CMMC Phase 2 Is Eight Months Away. Most Contractors Aren't Ready
What assessors are actually seeing on the ground — and what you need to do before November.
On November 10, 2026, CMMC Level 2 third-party certification becomes mandatory for DoD contracts involving Controlled Unclassified Information.
Eight months from now. That’s the timeline.
And based on what I’m seeing from the assessor side, the majority of the defense industrial base is not prepared.
This isn’t a scare piece. I’m not selling you assessment services. I’m a CCA candidate and I work with C3PAOs — and I’m telling you what the ground truth looks like right now.
Where things actually stand
Phase 1 has been in effect since November 10, 2025. Level 1 and Level 2 self-assessments are now required for new solicitations and contracts. Your self-assessment results need to be in SPRS with an annual executive affirmation signed.

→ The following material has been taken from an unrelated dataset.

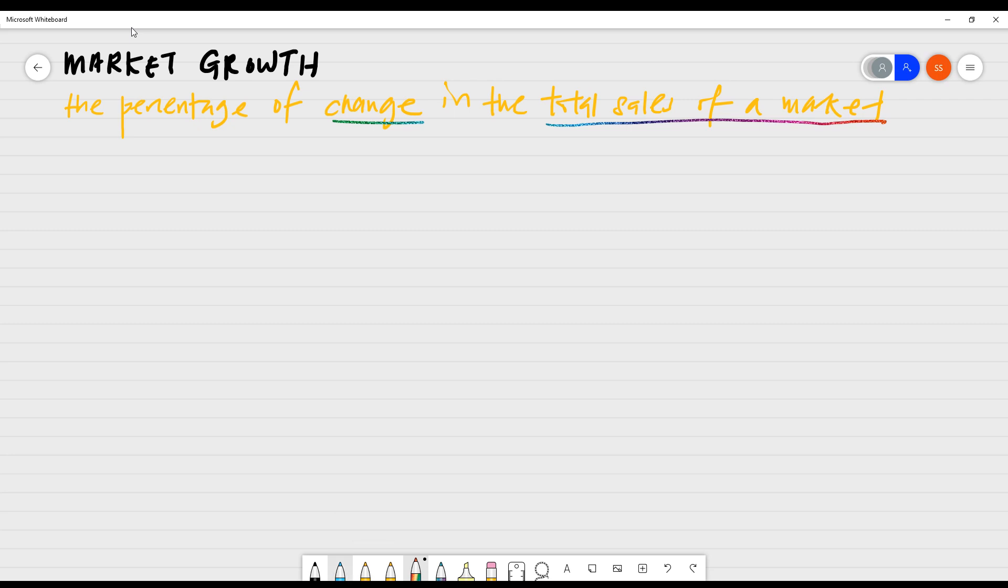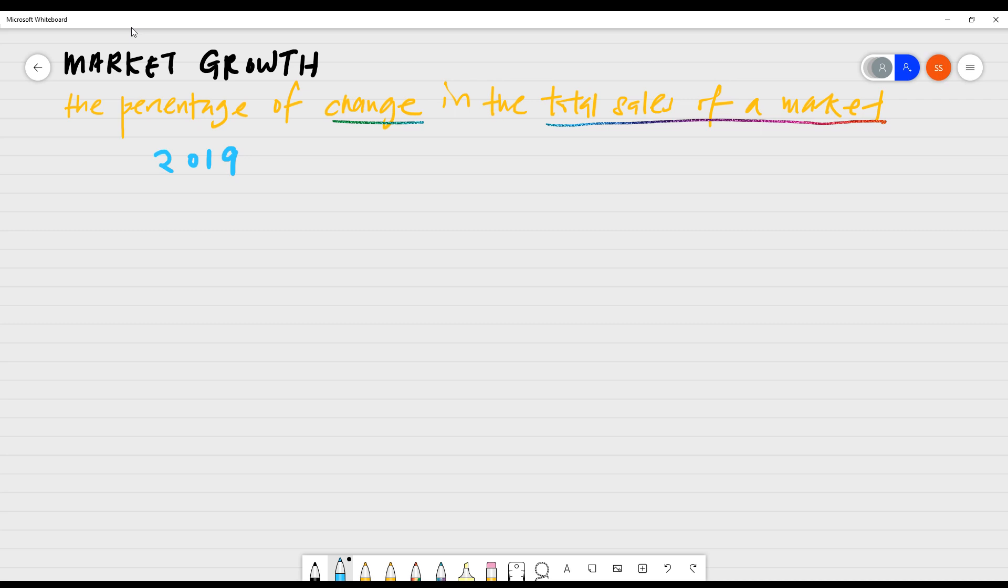So we'll use the same example as we did in the last class where we spoke about the shoe industry and we have some information available already. And just let me just put that down on the screen for you. We are looking at the sales, but let's talk about sales volume instead to measure the market growth. So back in 2019, we have the sales in terms of volume for this shoe industry and the amount was 2 million units.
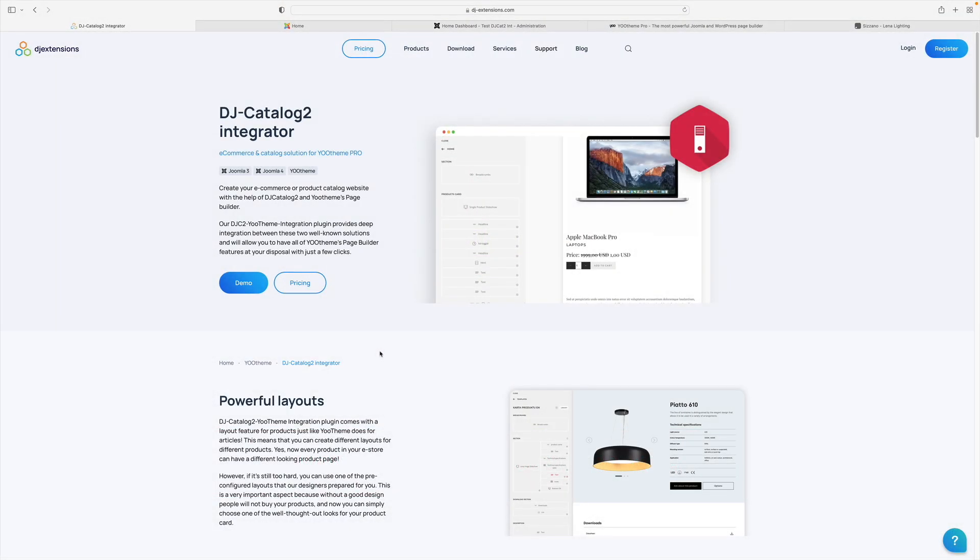The DJ Catalog 2 Integrator plugin allows you to easily create Joomla eCommerce extension views yourself by using the uTheme Pro page builder.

That much is happening. What’s not happening is meaningful preparation for Phase 2, when the self-assessment won’t be enough — you’ll need an independent assessment from an authorized C3PAO.
Here’s the reality: there’s a finite number of authorized C3PAOs. The pool of organizations that need Level 2 certification is estimated at roughly 80,000. And most of them delayed action through 2024 and 2025 while waiting for the final rule.

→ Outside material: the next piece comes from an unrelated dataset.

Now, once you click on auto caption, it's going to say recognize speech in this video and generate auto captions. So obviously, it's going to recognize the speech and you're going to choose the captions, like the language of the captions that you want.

That delay is about to become a crisis. Assessment scheduling is no longer a last step. It’s a business-critical decision. If you wait until Q3 to contact a C3PAO, you may not get on the calendar before your contract requires certification.
What assessors are actually finding
After over a year of active assessments, the picture is mixed. Organizations that started early are arriving better prepared, with improved scoping and documentation. Uniform training from the Cyber AB and higher assessment throughput have contributed to a rhythm.
But the gaps for newcomers are significant. Common issues I’m seeing and hearing about:
Scoping failures. Organizations don’t accurately identify which systems process, store, or transmit CUI. This is the foundation — if your scope is wrong, your entire SSP is wrong, and your assessment will reflect that. Scoping follows the data, not the org chart.
SSP documentation that exists but doesn’t reflect reality. Having an SSP on the shelf is not the same as having an SSP that describes what your environment actually looks like. Assessors verify implementation, not documentation. If your SSP says you have a SIEM and you don’t, that’s a finding.
POA&M misunderstandings. Level 1 doesn’t allow POA&Ms at all — gaps are binary pass/fail. Level 2 allows conditional status with POA&Ms in limited cases, but you must close them within 180 days through a closeout assessment. Organizations treating POA&Ms as indefinite waivers are in for a rude awakening.
CAGE code complications. CMMC certifications tie to specific CAGE codes in eMASS. If your organization has been through acquisitions, mergers, or restructuring, the CAGE code alignment can create complications that take months to resolve. Start now.
The False Claims Act is real. DOJ’s Civil Cyber Fraud Initiative is ramping up enforcement. Earlier this year, settlements were announced from a major defense contractor and a small business related to false CMMC compliance certifications — and those were under the old voluntary framework. Now that CMMC is contract-integrated, every self-assessment and affirmation is a representation to the government. If you sign an executive affirmation that doesn’t reflect your actual security posture, you have potential False Claims Act exposure.
What you should do in the next 90 days
If you handle CUI and you haven’t started preparing for a Level 2 assessment, here’s your priority list:
Confirm your CMMC level. Read your contracts. If CUI is in scope, you need Level 2. If only FCI, Level 1. Don’t assume — verify.
Scope your environment accurately. Identify every system, network segment, and user that touches CUI. Document your CUI data flows. This determines your assessment boundary.
Get your SSP current. Your System Security Plan should reflect your actual environment as of today — not what you planned to build or what it looked like two years ago. Map every NIST 800-171 control to your implemented reality.
Contact a C3PAO now. Not next quarter. Now. Assessment capacity is the bottleneck. Even if you’re not ready for the assessment itself, getting on a C3PAO’s calendar locks your timeline.
Brief your executives on False Claims Act risk. The person signing your executive affirmation needs to understand what they’re attesting to. This is not a routine compliance checkbox — it’s a legal representation to the federal government.
Phase 2 will separate the organizations that treated CMMC as a security program from those that treated it as a paperwork exercise. November is closer than you think.